Does anybody have a write up on how to do a digital dash conversion on a 77 caddy coupe deville?


----------



## Brahma Brian (Nov 17, 2004)

http://www.dakotadigital.com/


----------



## Ulysses 2 (Aug 3, 2003)

Dont do dakota digital. Go get a dash out of a 90-92 brougham. The dash and all of the 90s woodgrain will fit right on the dash. As for wiring every thing work out like it was said in the Lowrider Magizine article, except for the speedo. If you look in Maintainance and Repair there is a whole topic on it. Go to the last few pages, because in them its explained how to wire up the speedo in 80-81 Caddys, it will be the same for your 77. 
If you still cant figure it out bring it to me Ive done it about 5 times, two time were in my own cars. And I have the dash for sale if you need it :biggrin:


----------



## INSIDIOUS (Mar 3, 2004)

> _Originally posted by Ulysses 2_@Nov 10 2007, 12:31 PM~9197733
> *Dont do dakota digital. Go get a dash out of a 90-92 brougham. The dash and all of the 90s woodgrain will fit right on the dash. As for wiring every thing work out like it was said in the Lowrider Magizine article, except for the speedo.
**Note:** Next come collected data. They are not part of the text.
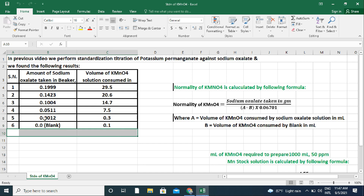From these values, we have to calculate the normality of potassium permanganate solution. Normality of KMnO4 equals sodium oxalate taken in grams divided by (A minus B) multiplied by 0.06701, where A is the volume of potassium permanganate consumed by sodium oxalate in ml, and B is the volume consumed by the blank in ml.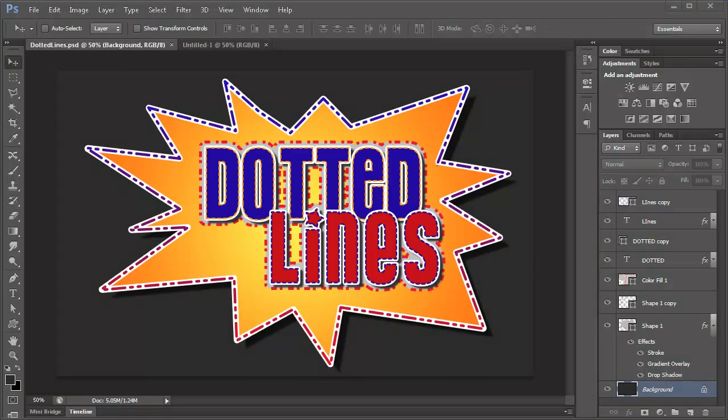Hey there everybody, Kirk Nelson with the Pixel Pro here. Greetings and salutations. In this video in the series of CS6 First Look, I'm going to talk about one of the most highly anticipated small features in Photoshop, and that is dotted lines.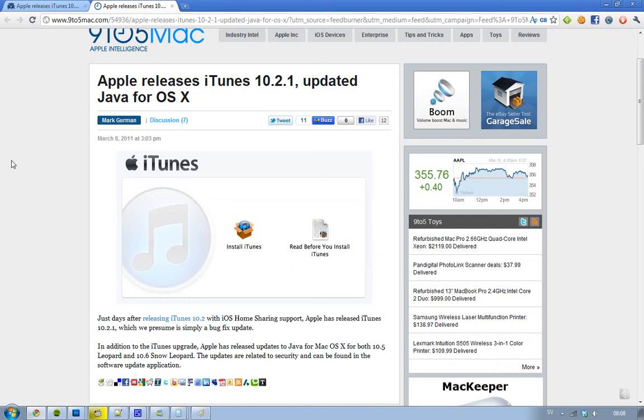And also today, Apple released some Java updates for Mac OS X for both 10.5 Leopard and 10.6 Snow Leopard.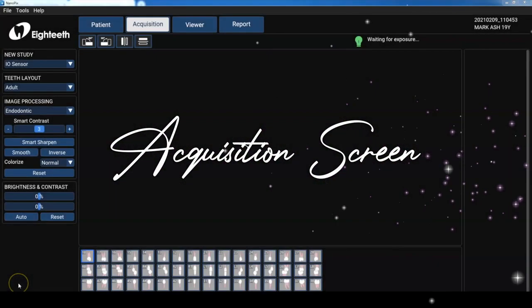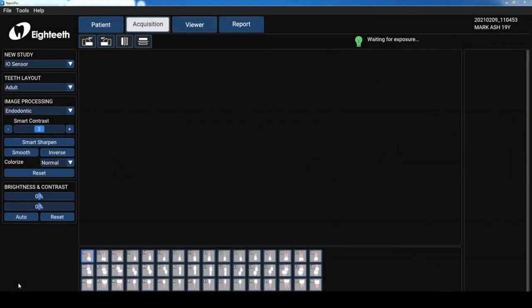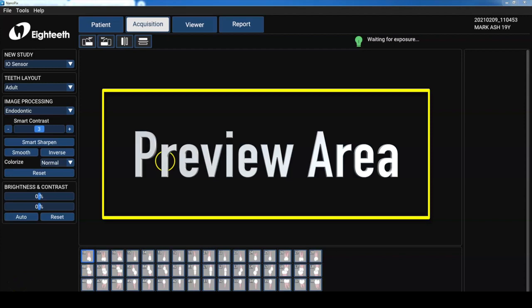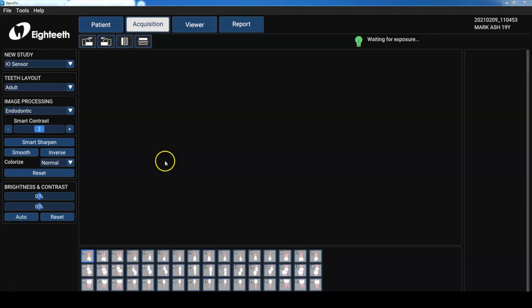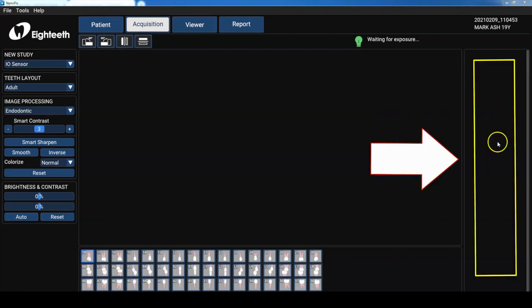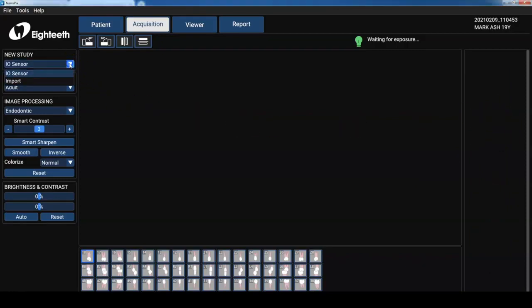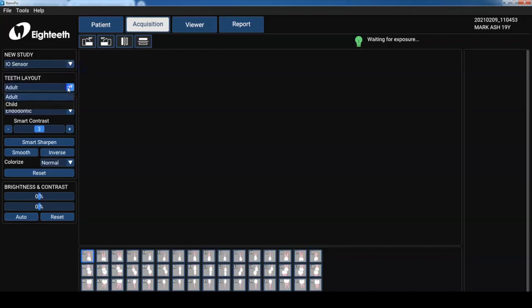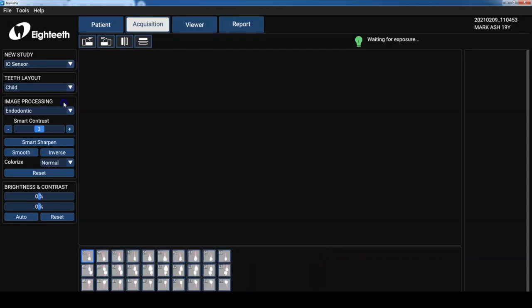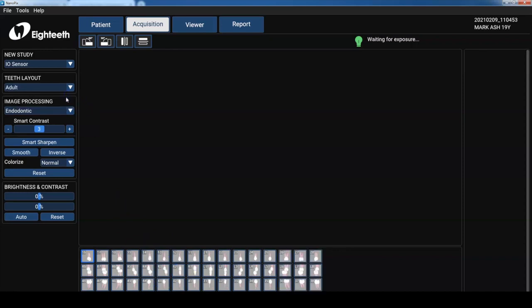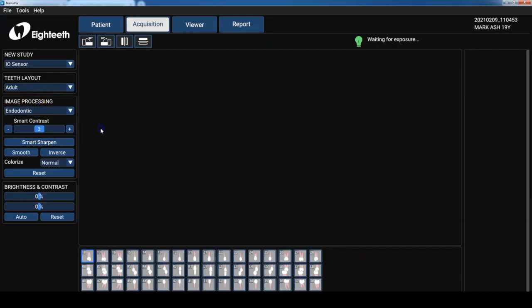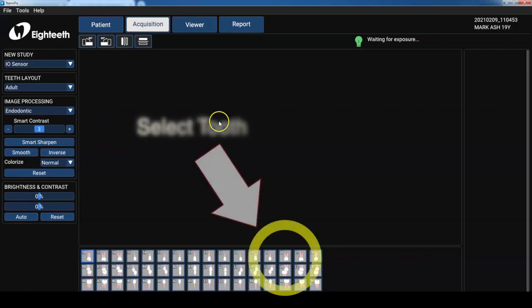Well let's get into the acquisition screen. So right up front there's a large image preview where we see our image as it's captured. And then the panel to the right is used to display thumbnails of recent images. Now we can either use our internal sensor or import previous radiographs. We can set up our teeth to be an adult or child. As you can see here it changes it. And then we can image process using different filters such as endo, perio, restorative. There's a bunch of other buttons. We'll talk about those when we get to the viewer section.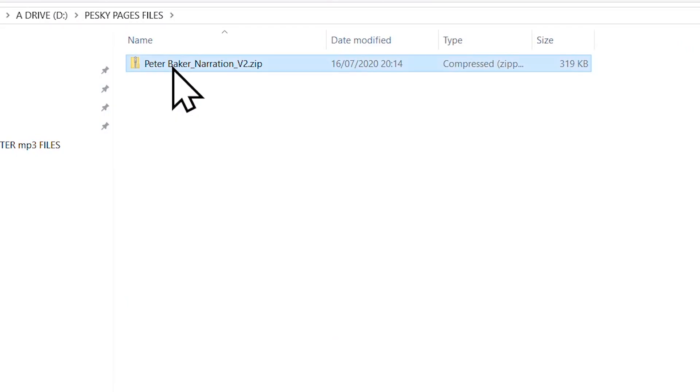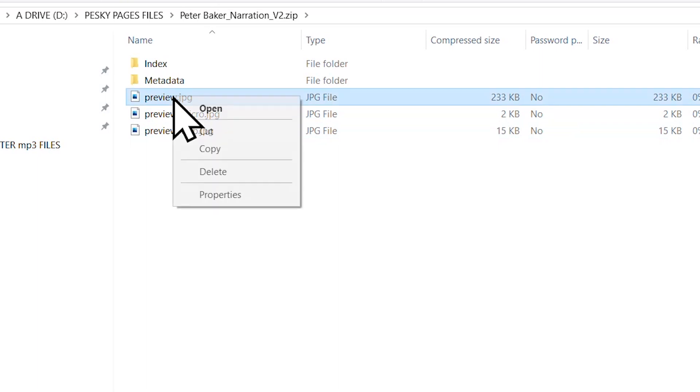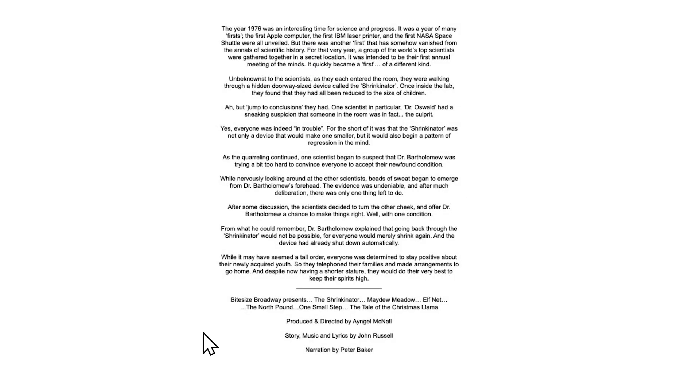Then double-click the zip file to extract the innards, and here you'll find a preview .jpg. Sometimes it's two or three — open up the biggest .jpg, and there is a picture file of your script. Now, for longer scripts this won't work, but it's a useful workaround for short scripts for us Windows users to at least see the script.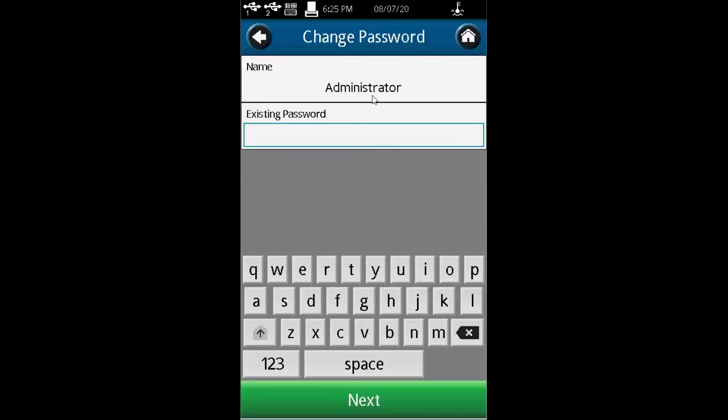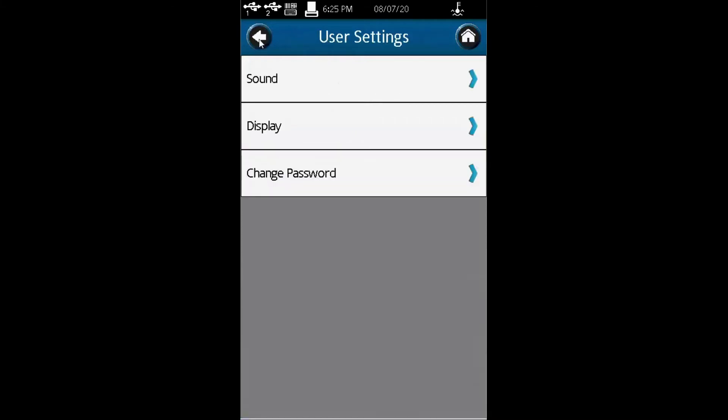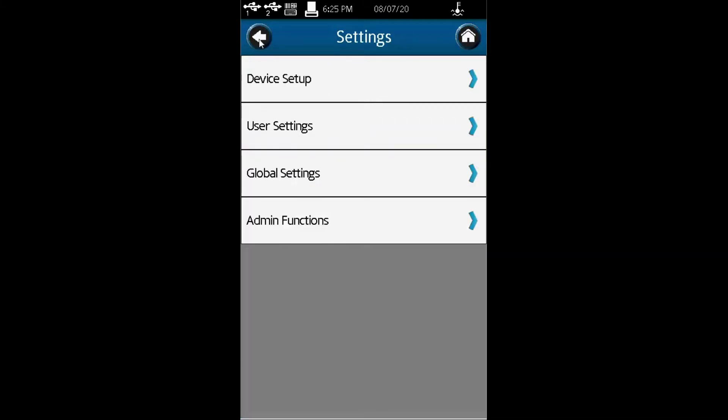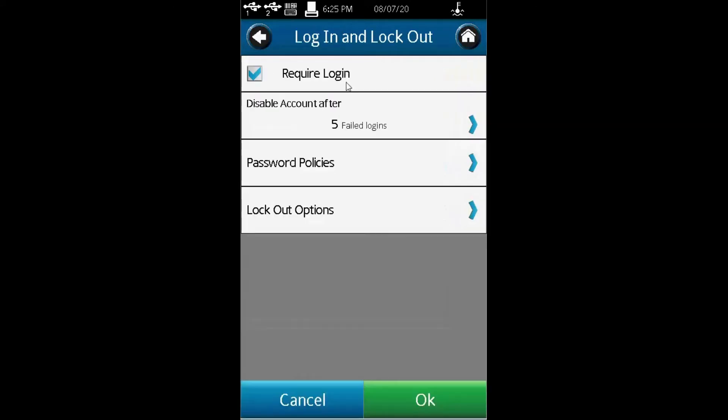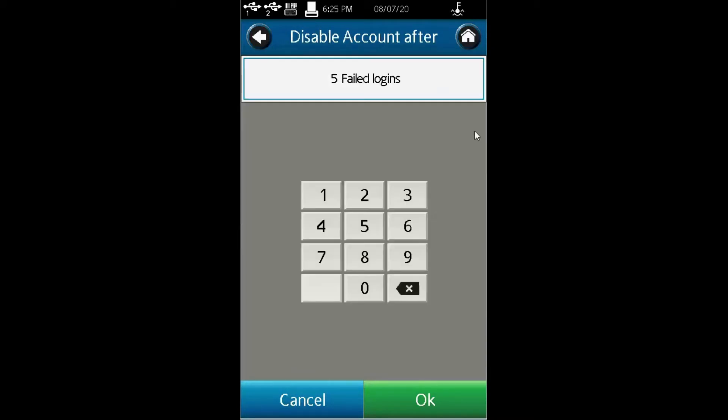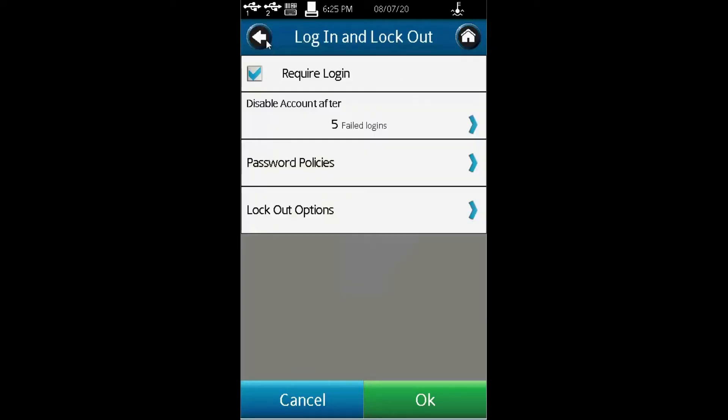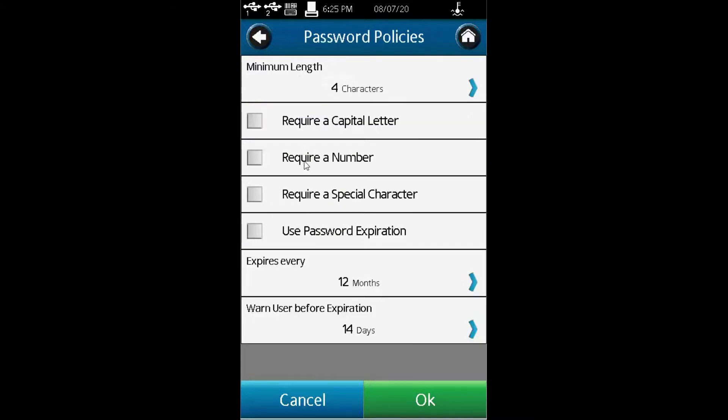If you're an administrator, you can change your password from here. Under admin functions, this is where most of the functions are. You have login and logout. This function allows you to disable accounts after a certain number of failed login attempts, set password policies, require capital letters, and use password expiration.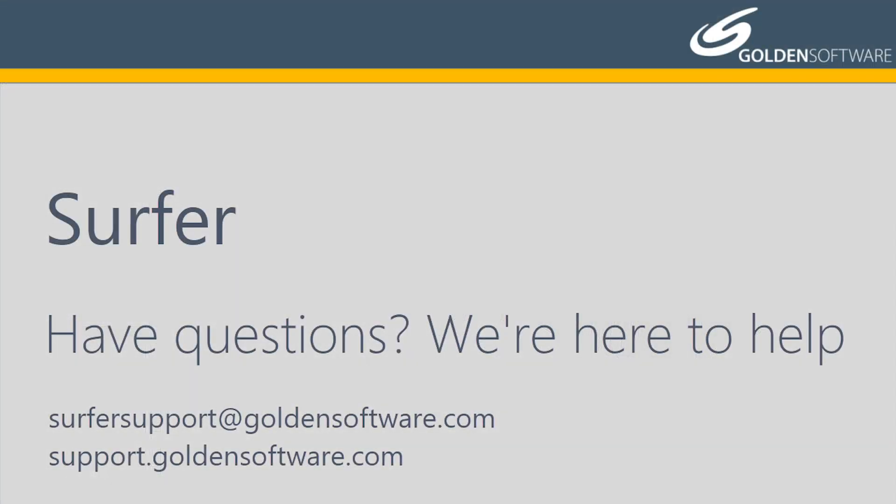This concludes the video training for advanced gridding options in Surfer. If you have any additional questions, please contact Golden Software.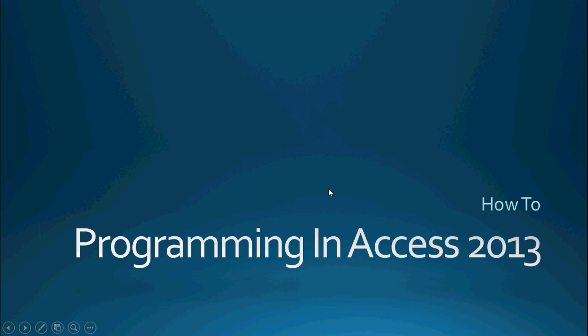Hello everyone and welcome to Programming and Access 2013. My name is Steve Bishop. Today's video is a how-to video.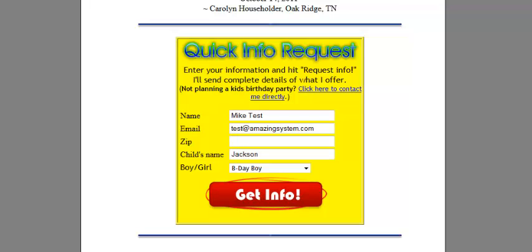This is really cool. This is location-based pricing. Depending on what zip code they type in will determine what price they're seeing.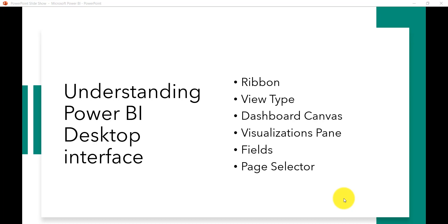Before creating any report or dashboard using Power BI Desktop, let's take two or three minutes to understand the various components in the Power BI Desktop interface. We'll familiarize ourselves with it because starting from the next lecture we will be creating reports, dashboards, and visualizations on it.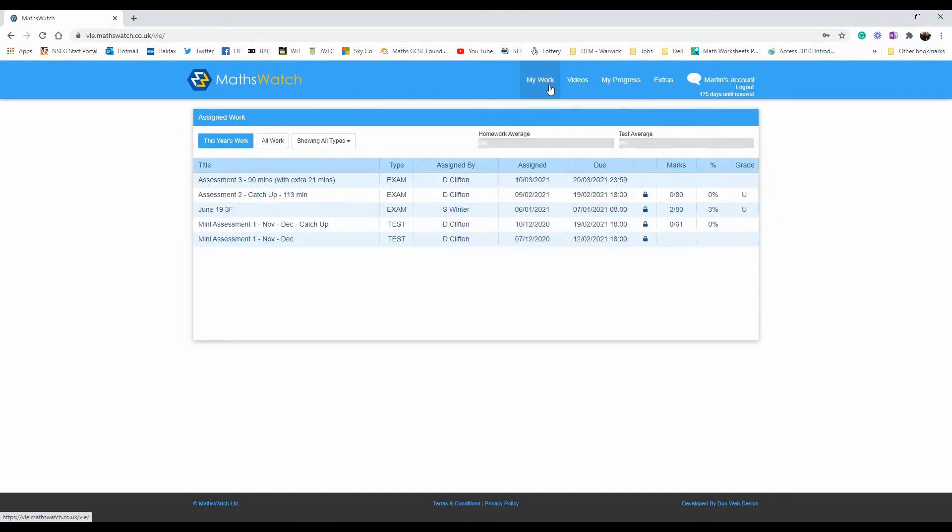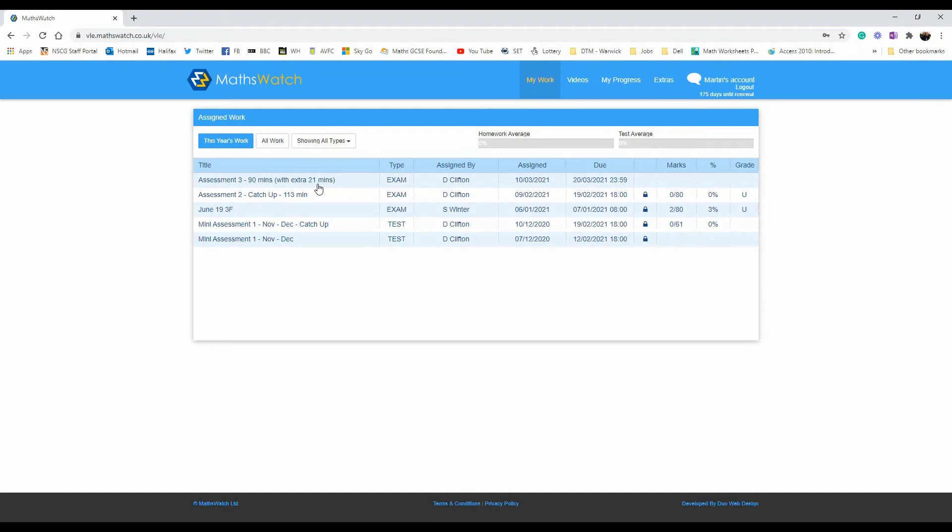At My Work, you should automatically see at the top of your screen Assessment 3, the 90-minute or the 130-minute version. Every student has been given an extra 21 minutes in order to aid with the inputting of answers when transferring working out from paper.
If you look in Maintainance and Repair there is a whole topic on it. Go to the last few pages, because in them its explained how to wire up the speedo in 80-81 Caddys, it will be the same for your 77.
> If you still cant figure it out bring it to me Ive done it about 5 times, two time were in my own cars. And I have the dash for sale if you need it :biggrin:
> *



Good looking out bro. I have the dash and cluster as well just needs to be wired up. What's issue was the article on?


----------



## Reverend Hearse (Jan 2, 2006)

on here in matinece and repair, is a whole topic on it.


----------



## Ulysses 2 (Aug 3, 2003)

> _Originally posted by INSIDIOUS_@Nov 14 2007, 09:39 AM~9225123
> *Good looking out bro. I have the dash and cluster as well just needs to be wired up. What's issue was the article on?
> *


 March 05 I think


----------